When the planning phase completes, the engineering lead receives the task breakdown produced by the Operator. It reads the dependency graph, groups tasks into domain-scoped clusters (frontend, backend, data, infrastructure, etc.), and spawns a worker agent for each cluster. Each worker is initialized with:

The tasks assigned to its cluster
Domain-scoped file and tool permissions (from domain enforcement)
The relevant artifacts from the planning phase (ADR, requirements, phase plan)

The engineering lead tracks completion across workers. When a dependency exists between clusters, it holds the dependent worker until the upstream cluster reports done. When independent clusters are ready simultaneously, it dispatches them in parallel.

Once all workers report completion, the engineering lead collects their outputs and passes a consolidated change summary to Sentinel for code review.

The engineering lead never touches source files directly. Its role is coordination, dependency sequencing, and result collection.

What You Get

When the session completes, dev execution produces:

Implementation Report

A structured summary of what was built, what files were changed, which tasks were completed, and which (if any) were skipped or deferred.

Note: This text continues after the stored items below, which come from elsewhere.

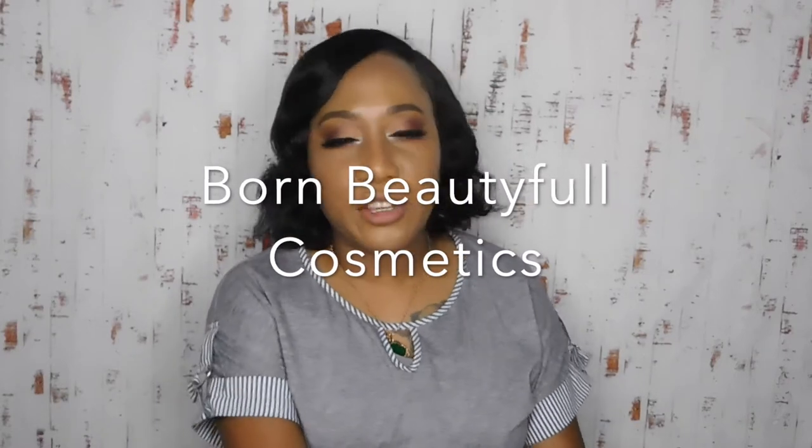Hi and welcome back to my channel, thank you for tuning in today. Today is going to be a review of a brand that I have been following for a long time since she started — she's an independent brand. You can find her on Instagram at Born Beautiful Cosmetics.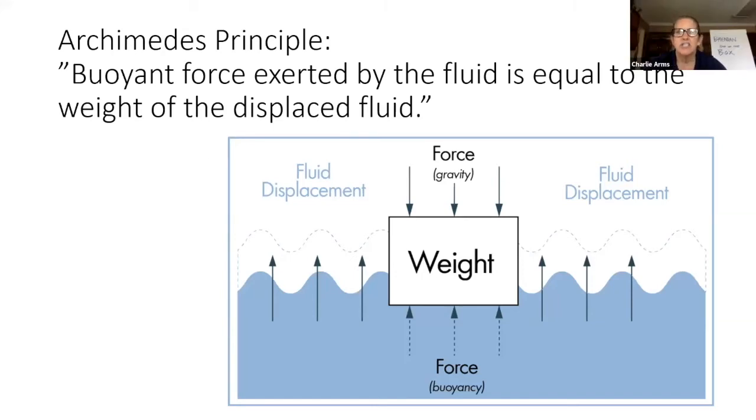So, buoyancy — there's this old guy named Archimedes, and he figured out that buoyancy is a force, like gravity is a force. We all know what gravity is — if you take those pennies and hold them up and drop them, gravity is going to pull them down to the ground. Well, buoyancy is the force that is in the water or liquid pushing things up. It's like anti-gravity — it's pushing things up.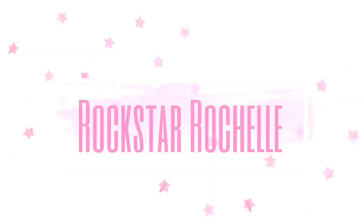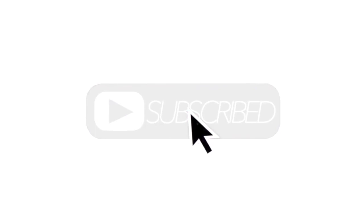New product alert! What's up bag babes? It's your girl Rockstar, your virtual 31 consultant. If you love all things 31, make sure you hit that subscribe button, give this video a big like, especially if you love these news alerts, and feel free to share this video with anyone else who loves 31 as much as we do.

Code Changes in Your Working Directory

All files written or modified by worker agents are present in your project. The harness does not stage or commit them.

Test Results

Output from the test run triggered at the end of the implementation phase, including pass/fail counts and any failures.

Synthesis

The orchestrator's final assessment of how well the implementation satisfies the brief's success criteria, with notes on anything that diverged from the plan.

Code is written to your working directory. You decide when to review it, when to run additional checks, and when to commit.

Configuration

Dev execution uses the dev-execution profile. Default constraints:

Setting	Default	Notes
Max duration	240 minutes	Gate wait time counts against this limit
Max rounds	30	Applies to each deliberation phase
Max test retries	2	Per test suite, not per individual test
Gate wait	Unlimited	No timeout on user approval gates

To customize these limits, create a derived profile that extends dev-execution and override the constraints block:

# core/profiles/my-dev-execution/profile.yaml
extends: dev-execution
constraints:
  max_duration_minutes: 120
  max_rounds: 20

Limitations

—

No automatic git commits. The harness writes files to your working directory and stops. Staging and committing are your responsibility.

—

Max 2 test retries. If tests fail after two worker revision cycles, the session halts and surfaces the failures in the implementation report. Manual intervention is required.

—

Gate wait counts against session time. The 240-minute limit includes time spent waiting at approval gates. Long review pauses can exhaust the session budget before implementation completes.

—

Single repo only. Dev execution operates on a single working directory. Cross-repository changes are not supported.